Ray (Jason Williams) and Alex (Bill Osco, The Being, Night Patrol) have just scored 5 kilos of cocaine. They just have to deliver it to their buyer and they’ll be rich. The fact they drive an old Rolls Royce seems to indicate they already are rich, or maybe they traded it for a pound of goods. Things go wrong almost immediately as they run into a Border Patrol roadblock and have to shoot their way out, leaving four dead officers in their wake. Ditching the Rolls they steal an ice cream van, casually tossing the driver out on the freeway.
Cop Killers was writer/director Walter R. Cichy’s only credit as a director, although he had previously written several porn films produced by Osco. And it’s pretty easy to see why he never directed again, he had no clue how to stage an action scene.
When Ray and Alex pull up to the roadblock the cops stand there waiting, guns drawn, while they grab their guns, jump out of the car and start shooting. A chase between the ice cream truck and a motorcycle cop is not only dull, it’s poorly thought out. After they repeatedly try to run him off the road, instead of calling for backup, the cop pulls up beside them and tells them to pull over. Needless to say that doesn’t end well for him.

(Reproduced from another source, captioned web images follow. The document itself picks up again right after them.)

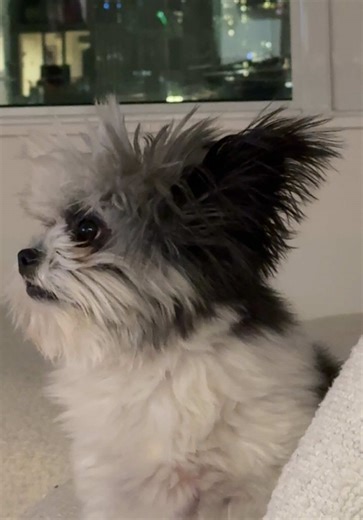 no joke. #pomeranian #shitzu #maltese | dog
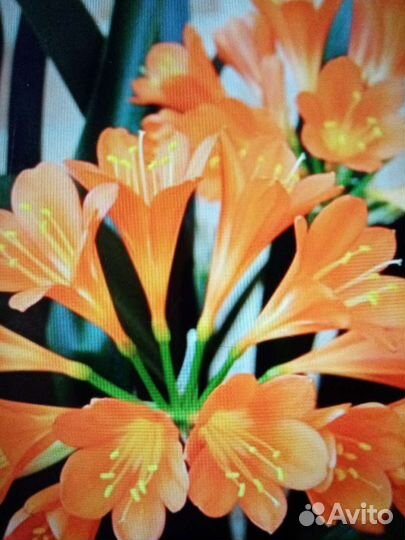 Комнатные цветы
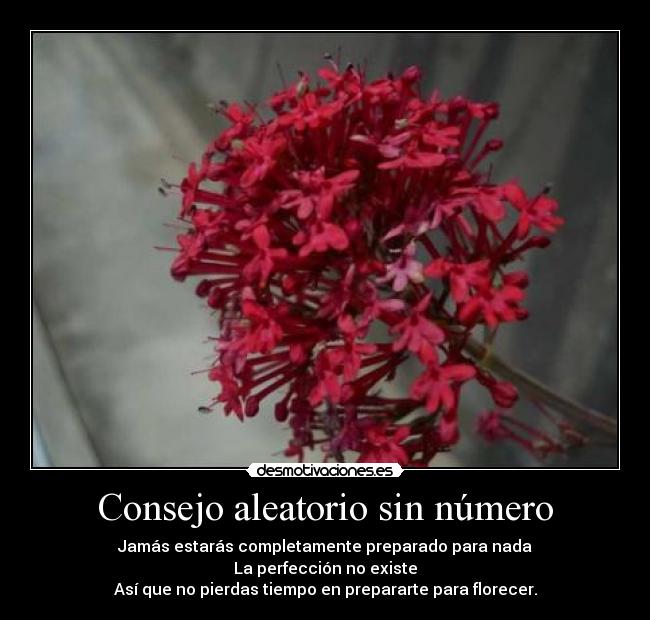 Consejo aleatorio sin número - 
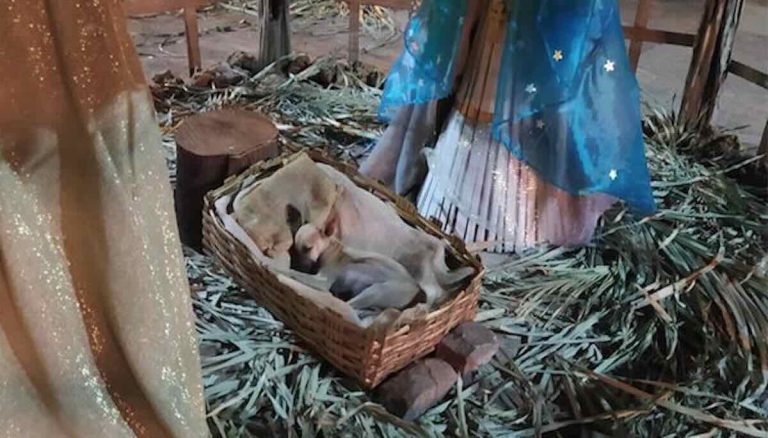 Family Walking by Nativity Scene Spot Stray Puppy Sleeping in the Manger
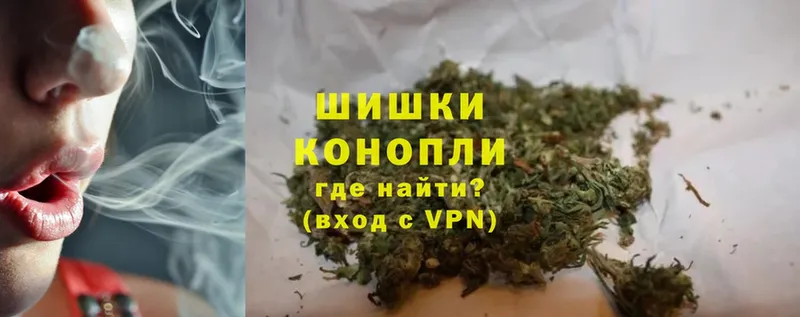 Конопля OG Kush  Новороссийск 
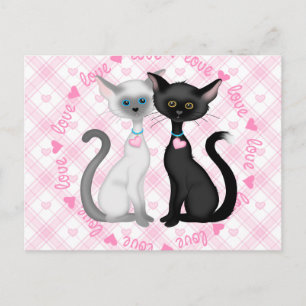 Cartão Postal Dois Gatos Cujos Apaixonados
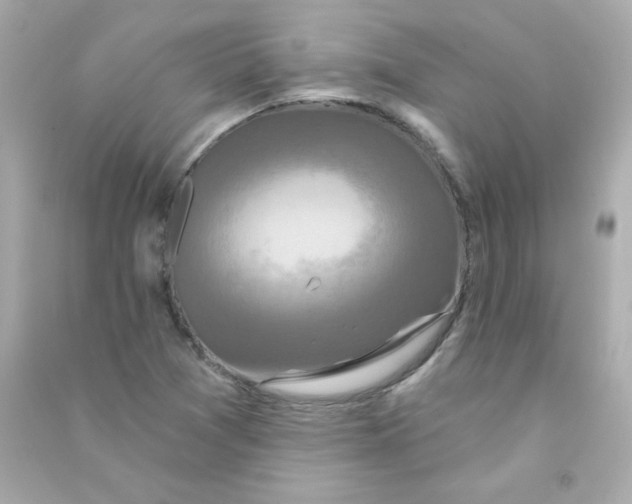 X0000090421361200708101932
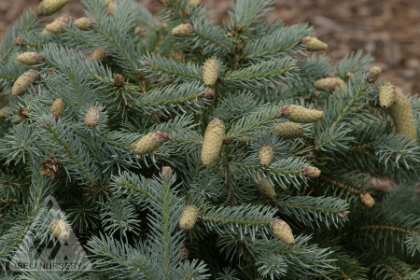 PICEA PUN HERMANN NAUE #7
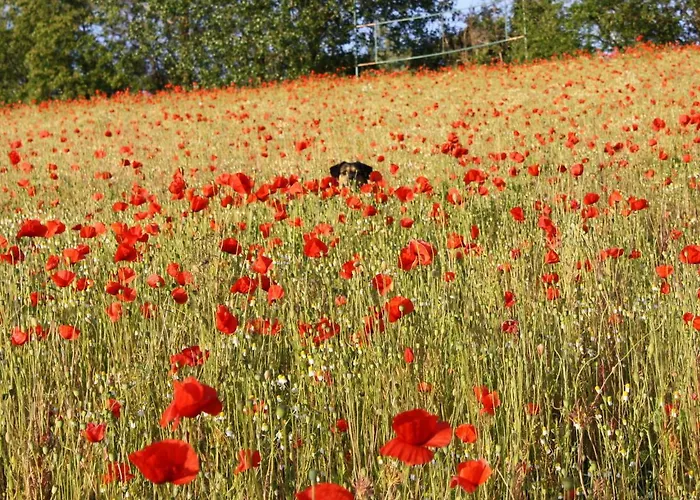 Gemuetliche Mit Garten In Robertsdorf Апартаменты *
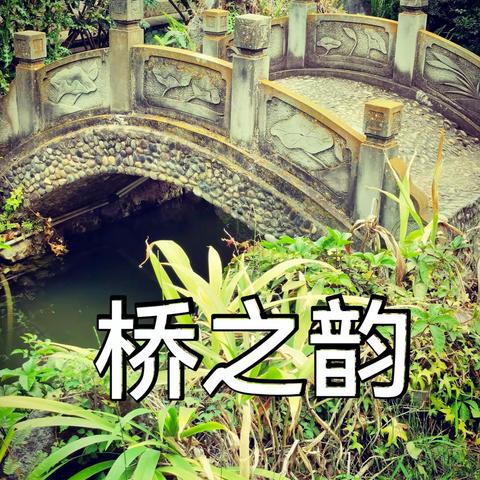 桥之韵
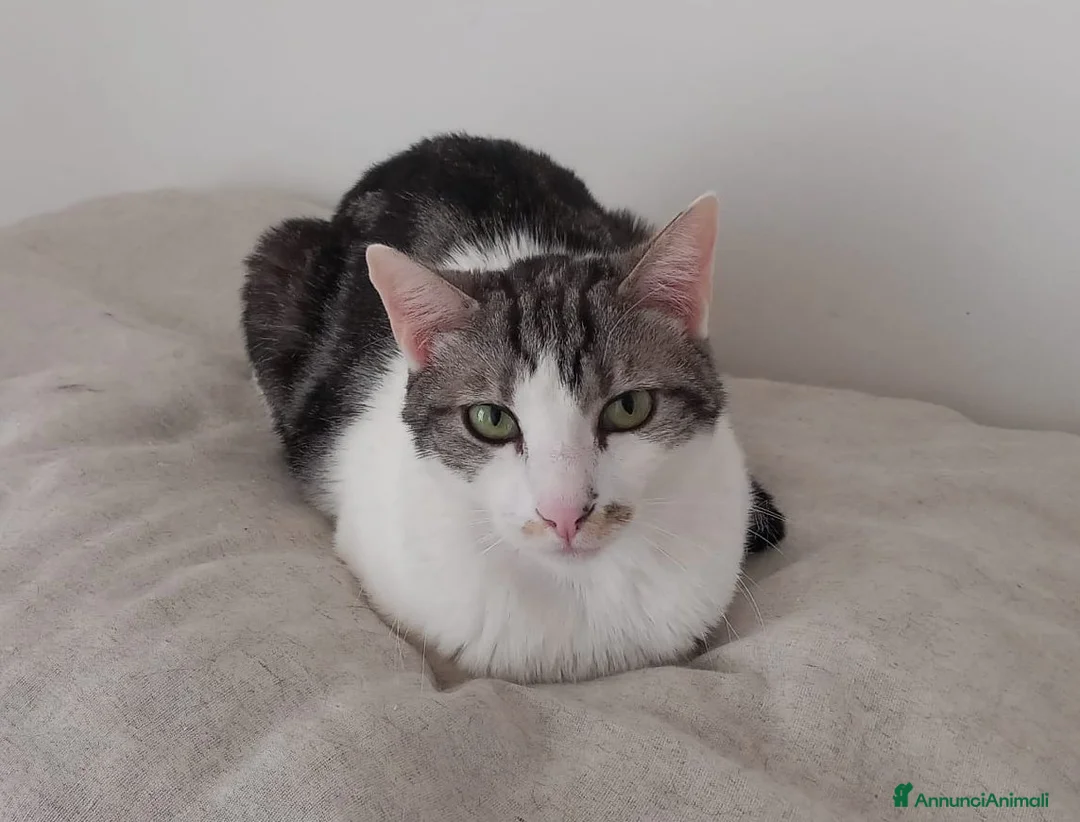 Europeo gatti in regalo: Adorabile gatto in adozione, MIELE! - Annuncio 5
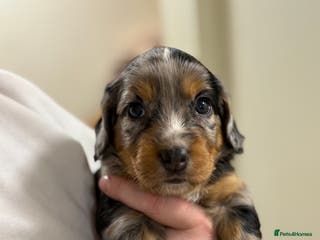 Mixed Breed dogs Beautiful Cocker X Puppies - Advert 1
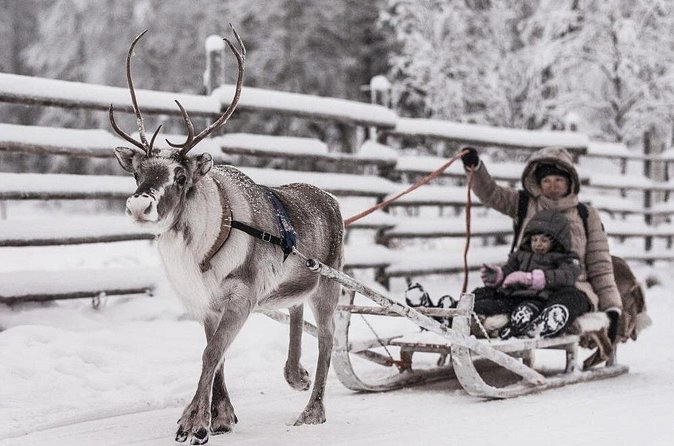 REINDEER FARM VISIT a real authentic experience - Clothing, comfort, and winter conditions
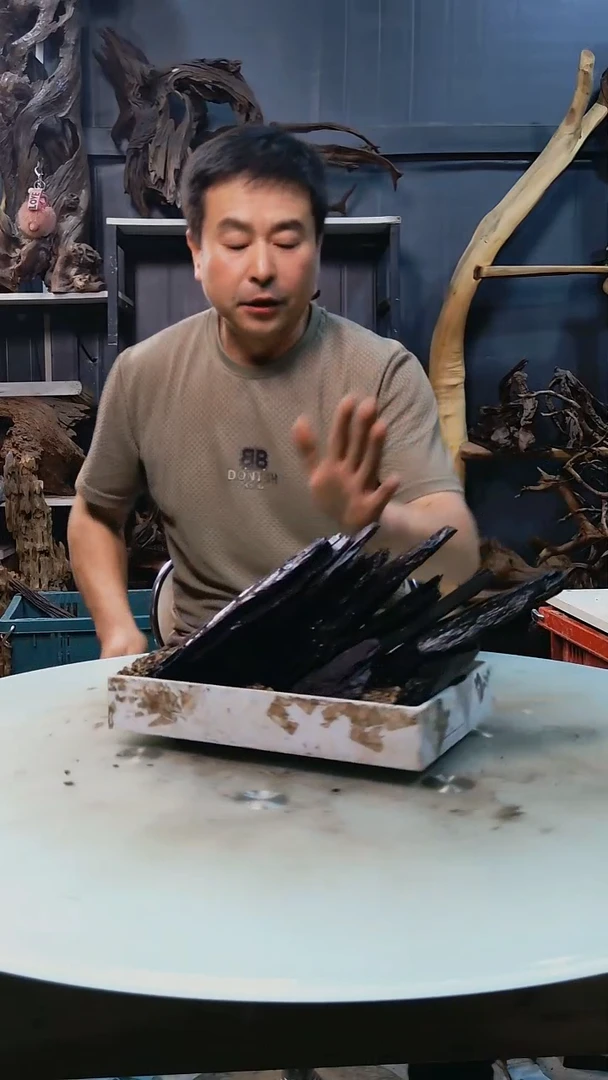 681清香阁清香阁清香阁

Things don’t get any better after they kill a couple of bystanders and steal another car at a gas station. They spare its driver Karen (Diane Keller) but take her hostage. Arguably they get worse as the film starts to swing into drama territory, not that it wasn’t already too talky for an action film. Ray, the more psychotic of the pair tries to rape her to help himself relax. Alex stops him and, predictably, the two start to develop feelings for each other. This puts Alex at odds with Ray’s strict no witnesses policy.
I was hoping Cop Killers would be the American equivalent of the Italian Poliziotteschi films of the time. But this is way too talky and slackly directed to compete with the likes of Violent Rome, The Violent Professionals or Contraband. The elements are all there but the execution falls short.
Despite the fact that every cop in Arizona must be looking for them there’s never any sense of urgency or danger. And their connection seems to be equally unconcerned, still willing to have them come to his place to make the deal. If the characters aren’t worried, why should we be? Unfortunately, there’s no central detective out to catch them, just random cops who cross their paths. Not having that conflict takes a lot away from the film.
Williams is good as the deranged Ray, but Osco shows why he was a lot more prolific as a producer than an actor. His performance is about on par with the film’s direction. The only other major player in the film, Keller, is nice to look at but it’s not surprising this was her only credit as she can’t act.
Baker’s effects are nicely bloody with a couple of nasty wounds thrown in for good measure, but overall Cop Killers is light on violence. And, surprisingly for a grindhouse film made by and with folk from the porn industry, there’s little skin in it either. It’s all disappointingly weak and tame. Even the ending, which was supposed to be cynical and shocking falls flat.
Cop Killers has been issued on DVD and Blu Ray several times over the years by the likes of Code Red and Media Blasters. It’s currently available to stream on several platforms including Tubi.